Minnesota defenseman Ryan Suter is no exception. While he has always been a very good, often great defender, the 2015-16 season has seen Suter re-establish himself as one of the league’s elite defensemen.
Suter’s career as a member of the Wild started in 2012-13, following signing a monster 13 year, $98 million deal. Again, while it’s not to say that he performed poorly during the start of his 13 year deal, it’s safe to say that his play dipped.
He had never been a negative relative possession player over the course of a season, but was just that during his first two seasons in Minnesota. His first two seasons with the Wild were also the first time since 2005-06 and 2006-07 that the American-born defenseman posted a shot attempt percentage below 50 percent. In 2014-15, Suter’s rate production at 5v5 dropped to tie a career-low at 0.6 points per 60.
But in 2015-16, Suter is re-establishing himself as one of the NHL’s elite defensemen. Through 34 games, he is on pace for 58 points, which would shatter his career high of 45 set in 2008-09. His current 1.0 points per 60 would tie his career high, also set in 2008-09.
His return to elite form isn’t limited only to his production. The 30-year-old Wild defender is having perhaps his best possession season yet. His current shot attempt percentage of 52.6 percent would be the second best of his career and over one and a half percent better than any number he’s posted since 2010-11. Even more impressive, he’s tilting the ice relative to his teammates better than any other time in his career, as indicated by his relative shot attempt percentage. The same is also true of scoring chances.
There’s a lot going on here, visually. But, the far right of the graph shows that Suter is tilting the ice in terms of shot attempts and scoring chances, relative to his teammates, better than at any point in his great career. The dip in the numbers during his first three seasons in Minnesota (2011-12 through 2014-15) is also apparent. Again, this isn’t to say he wasn’t great before this season, or that he had played badly for the Wild, but he’s certainly playing some of the best hockey of his career after his play dipped a bit for a few seasons.

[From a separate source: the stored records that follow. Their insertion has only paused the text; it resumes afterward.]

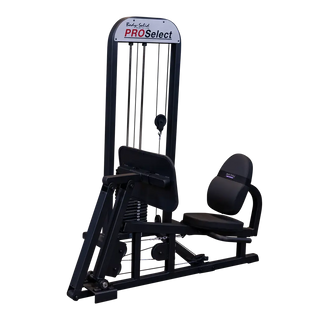 Body-Solid GLP-STK Pro Select Leg Press (210 lb. Stack)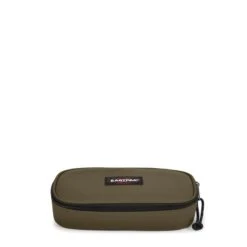 Eastpak Trousse Oval 22 Cm Army Olive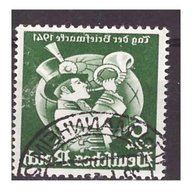 giornata francobollo 1941 usato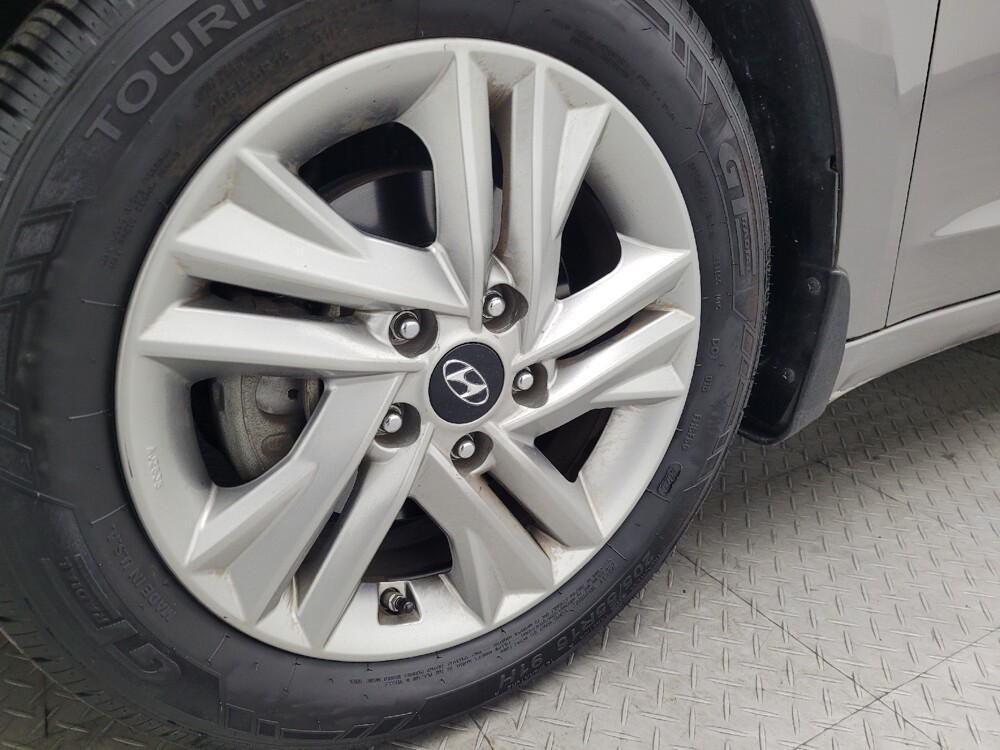 2020 Hyundai Elantra in Sanford, FL 32773 - 18104884 31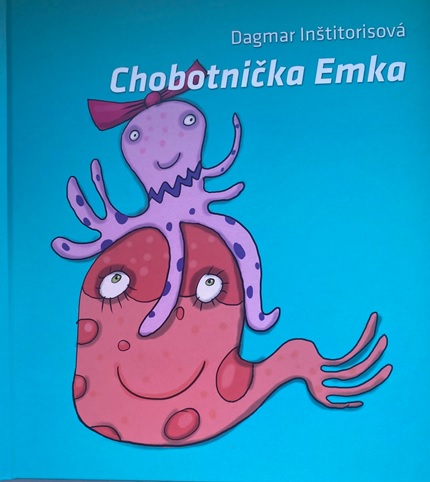 Chobotni�ka Emka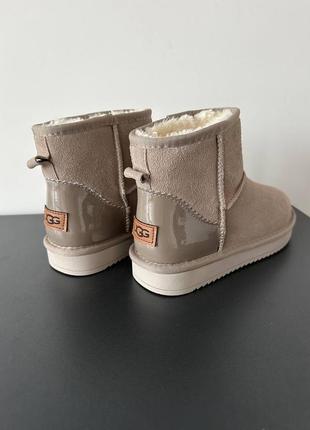 Женские ugg mini люкс качество3 фото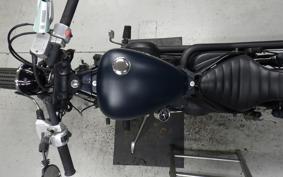 YAMAHA DRAGSTAR 400 CLASSIC 1998 4TR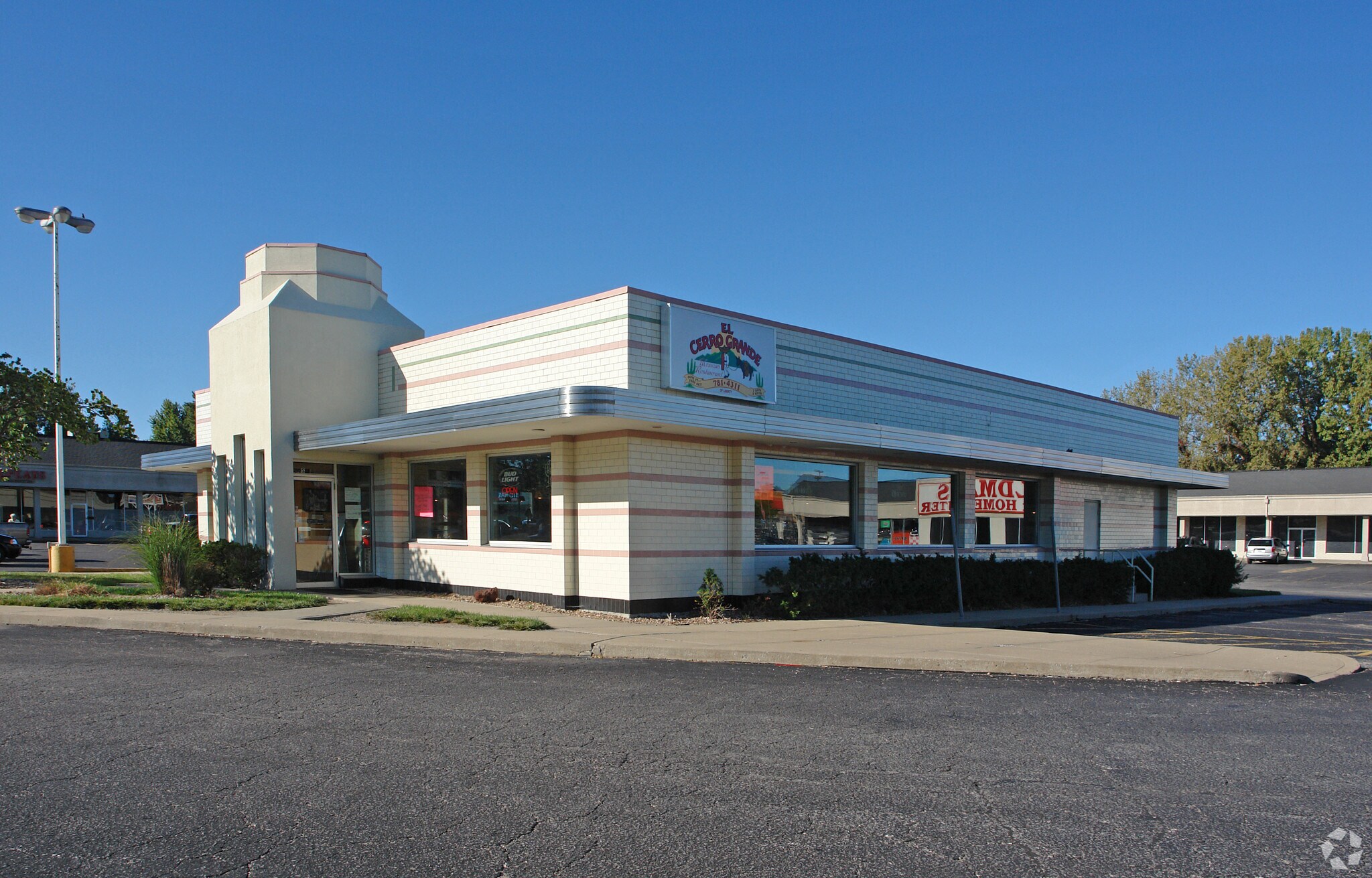290 S Mo-291 Hwy, Liberty, MO à vendre Photo principale– Image 1 sur 3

He is also the Wild’s best defenseman on the penalty kill. The chart below shows that the Wild allow the fewest amount of unblocked shot attempts and scoring chances when Suter is on the ice than any of the memeber of the team’s blue line.
On the other side of the special teams’ coin, Suter is performing at a high level as an important cog of the Wild’s power play. He plays about three and a half minutes per night with the man advantage, about twice as much as the next closest Wild defender. He leads the group with 10 points and the team sees more scoring chances per power play with him on the ice than any other defenseman.
Ryan Suter has set a very high bar for himself over the course of his career. It’s not a surprise that he’s leading the way for the defense in Minnesota. He’s never been a bad player, and at times he’s been elite. But the first three seasons in the The Gopher State were a bit underwhelming relative to the rest of his career. 2015-16 has been perhaps his best season yet and he’s quickly re-establishing himself as one of the NHL’s elite defensemen.